The correct option is A 1 only

Explanation:

Statement 1 is correct:

  • The total monetary or market value of all finished goods and services produced inside a country's borders in a certain time period is known as GDP. It serves as a comprehensive scorecard of a country's economic health because it is a wide measure of entire domestic production. GDP is a measure of a country's economic health that is used to estimate its size and rate of growth.
  • There are three different approaches for calculating GDP which are used by economists. All these approaches produce the same results, theoretically.
  1. Output Approach
  2. Income Approach
  3. Expenditure Approach

Statement 2 is incorrect:

Although the GDP is a pretty good indicator of the economy, there are some disadvantages of the GDP, including the concepts that the GDP does not take into consideration.

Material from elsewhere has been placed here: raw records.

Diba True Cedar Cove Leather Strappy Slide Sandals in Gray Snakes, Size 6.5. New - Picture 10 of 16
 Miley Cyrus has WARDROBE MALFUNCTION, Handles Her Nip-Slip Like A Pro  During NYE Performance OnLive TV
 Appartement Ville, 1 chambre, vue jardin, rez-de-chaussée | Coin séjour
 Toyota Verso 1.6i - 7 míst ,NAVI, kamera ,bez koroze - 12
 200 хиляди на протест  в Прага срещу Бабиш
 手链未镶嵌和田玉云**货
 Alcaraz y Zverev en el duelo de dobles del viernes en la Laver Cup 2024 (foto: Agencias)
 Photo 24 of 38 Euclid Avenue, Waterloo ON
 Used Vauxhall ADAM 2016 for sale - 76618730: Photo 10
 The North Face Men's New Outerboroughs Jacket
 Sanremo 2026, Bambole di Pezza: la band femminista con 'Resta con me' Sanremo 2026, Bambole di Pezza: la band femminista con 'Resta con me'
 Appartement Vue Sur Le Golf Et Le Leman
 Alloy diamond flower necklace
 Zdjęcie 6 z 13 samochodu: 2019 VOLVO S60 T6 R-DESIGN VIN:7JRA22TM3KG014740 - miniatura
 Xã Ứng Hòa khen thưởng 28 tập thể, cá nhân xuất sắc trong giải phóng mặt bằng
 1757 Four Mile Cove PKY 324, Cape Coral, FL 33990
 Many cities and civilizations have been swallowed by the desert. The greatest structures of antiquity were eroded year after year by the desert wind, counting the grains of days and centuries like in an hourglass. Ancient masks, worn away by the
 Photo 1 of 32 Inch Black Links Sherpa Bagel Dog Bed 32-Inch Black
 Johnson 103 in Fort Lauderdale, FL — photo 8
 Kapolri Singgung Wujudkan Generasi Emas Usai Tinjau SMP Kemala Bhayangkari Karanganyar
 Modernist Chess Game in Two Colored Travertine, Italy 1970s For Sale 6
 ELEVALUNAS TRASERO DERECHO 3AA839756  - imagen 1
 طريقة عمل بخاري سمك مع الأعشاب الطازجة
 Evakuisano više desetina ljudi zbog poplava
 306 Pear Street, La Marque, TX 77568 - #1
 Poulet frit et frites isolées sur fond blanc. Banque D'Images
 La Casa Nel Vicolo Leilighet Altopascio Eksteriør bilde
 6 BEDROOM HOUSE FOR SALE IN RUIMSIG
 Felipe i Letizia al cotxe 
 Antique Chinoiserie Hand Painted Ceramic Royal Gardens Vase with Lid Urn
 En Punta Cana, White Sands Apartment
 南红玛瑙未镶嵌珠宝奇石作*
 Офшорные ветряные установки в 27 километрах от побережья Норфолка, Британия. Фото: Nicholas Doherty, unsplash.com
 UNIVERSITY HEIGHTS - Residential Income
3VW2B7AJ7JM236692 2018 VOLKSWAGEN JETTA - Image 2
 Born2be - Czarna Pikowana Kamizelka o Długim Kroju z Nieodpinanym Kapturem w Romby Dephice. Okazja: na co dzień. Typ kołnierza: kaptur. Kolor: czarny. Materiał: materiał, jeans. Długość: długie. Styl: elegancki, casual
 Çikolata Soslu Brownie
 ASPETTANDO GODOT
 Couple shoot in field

  • Non-monetary exchanges: Many activities in an economy that add value to the people are not evaluated in monetary terms. For example, domestic services women perform at home are not paid for. This is a case of underestimation of GDP. GDP ignores voluntary and charitable work, social service as it is unpaid.
  • Underground Economy: The underground economy (or black market) refers to cash and barter transactions that are not formally recorded and are often used to support the trade of illegal goods and services (i.e., drugs, weapons, etc). Some nations’ economic output may be understated by GDP.
  • GDP does not value intangibles like leisure, quality of life, etc.
  • GDP does not take into account the economic value of the environment. Rather it neglects services provided by ecosystems and incentivizes economic activities causing environmental degradation by counting them.
  • Gender disparities are not reflected through GDP measures.

Statement 3 is incorrect:

  • The rising GDP of a country does not necessarily mean a rise in the welfare of its citizens. This is because the rise in GDP may be concentrated in the hands of very few individuals or firms. GDP does not reflect inequality present within the economy. Economic inequality is not revealed by GDP figures.
  • Externalities: Externalities refer to the benefits (or harms) a firm or an individual causes to another for which they are not paid (or penalized). Externalities do not have any market in which they can be bought and sold. For example, the output of oil refineries is taken into GDP calculation but pollution and ill effects are not deducted from GDP. This is the case of the overestimation of GDP.
  • The normal GDP also does not have any way of knowing whether the level of income created in a country will be sustainable or not. To overcome this limitation the green GDP is sought after.